100% this. It boggles my mind. Why would anyone buy a $500-1000 device that is guaranteed to fail after a few short years?
There is literally no excuse here.
Although I don't really use it anymore, my iPhone 4s just received its final OS update a month or so ago, and still works perfectly.
And, if every Android phone OEM kept their damn software up to date, like Apple does with iOS, Android would be perfect.
FTFY.
You say 'androids' in the same way the old school mac fanatics used to say 'IBM'. It's so ridiculous, because it's obviously the cardboard standup 'competitor' who the marketers at Apple have spun up to compete with.
So sad and cultish.
If Android (as a platform) isn't the competitor to Apple (as the sole purveyor of the other platform), then I'm not sure what you would accept as the definition of "competitor".
If I lose a pen, I don't expect Bic to give me a new one for free.
They won't give you one for free, but Bic won't charge you 50 bucks either.
Bic won't. But Cross will.
And this is why I bought the iPhone SE, because it has a headphone socket. If I am out of town and forgotten to bring my headphones, a pair of $9 throw aways will suffice for the day. And when I am on planes / trains I have a pair of active noise cancelling bluetooth headphones (that STILL cost less than a pair of EarPods ) and came with a 3 year warranty.

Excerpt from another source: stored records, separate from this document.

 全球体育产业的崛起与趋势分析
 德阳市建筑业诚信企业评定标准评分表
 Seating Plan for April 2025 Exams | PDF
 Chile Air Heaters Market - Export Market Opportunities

Yes I appreciate the wireless, however leaving out the socket is putting form over function, and no its nothing like having a keyboard on the screen vs pull out keyboard. And NO, I dont want to buy a bloody dongle. ANY audio device without a headphone socket is like buying a car that has no wheels.
Then enjoy your last Smartphione EVER.
By the time you are ready to replace that SE, there won't be a single decent smartphone, iOS or Android, that will have a 3.5 mm Jack. Not a single one. Sorry.

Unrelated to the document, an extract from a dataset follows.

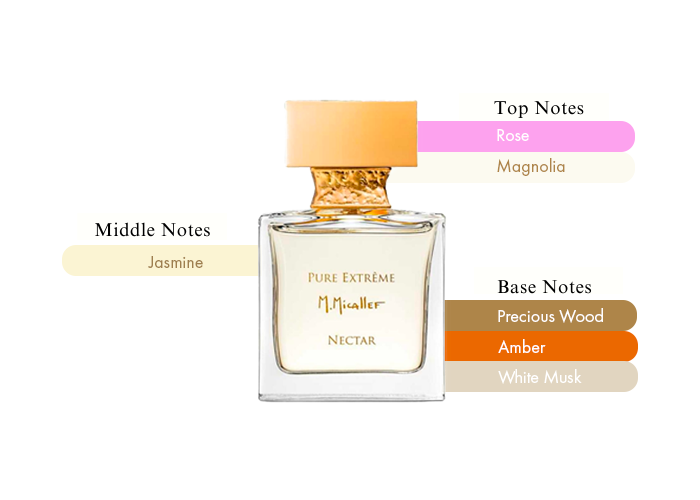 Brand Story Image 2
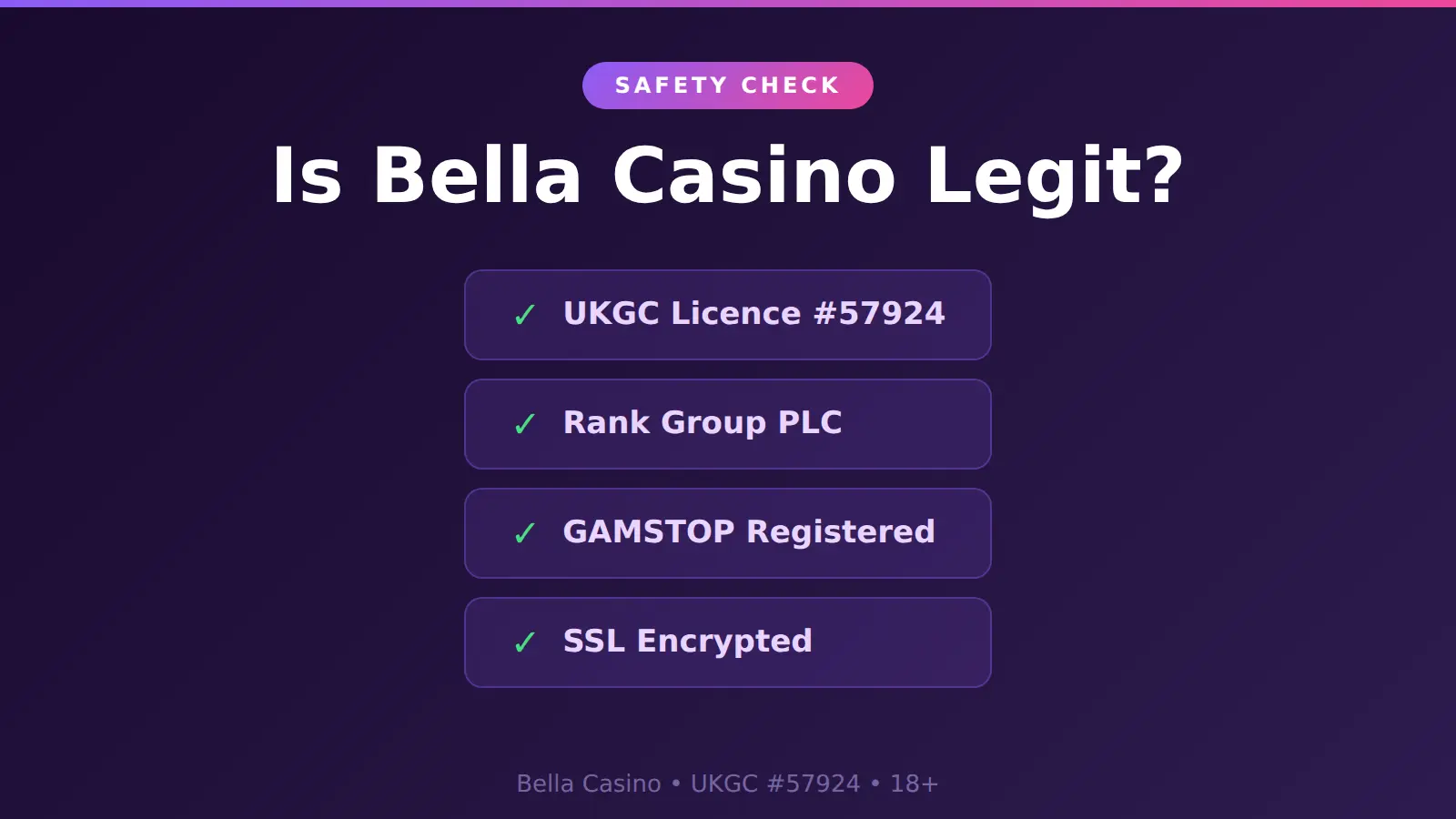 Bella Casino legitimacy and safety verification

Oh! and Apple includes the Lightning to 3.5 mm adapter with the iPhone 7, BTW, as well as a Lightning headset. Nothing else to buy.
People that spend too much on Apple products are similar to folks that spend lots of money on expensive purses.

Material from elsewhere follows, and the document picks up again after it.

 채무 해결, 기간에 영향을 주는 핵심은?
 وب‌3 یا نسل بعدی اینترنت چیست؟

Not one of the several people I know who own Apple products chose them because of a fashion statement. Not one,
Nobody SHOULD want to continue to use that phone, but that shouldn't give the company that made it free reign to destroy your paid-for private property at will.
This. Exactly this. Samsung is thinking only of itself; or more precisely, only of its exposure to civil and criminal suit.
Where is all the usual Fandroid "Freedom!" OutRAGE?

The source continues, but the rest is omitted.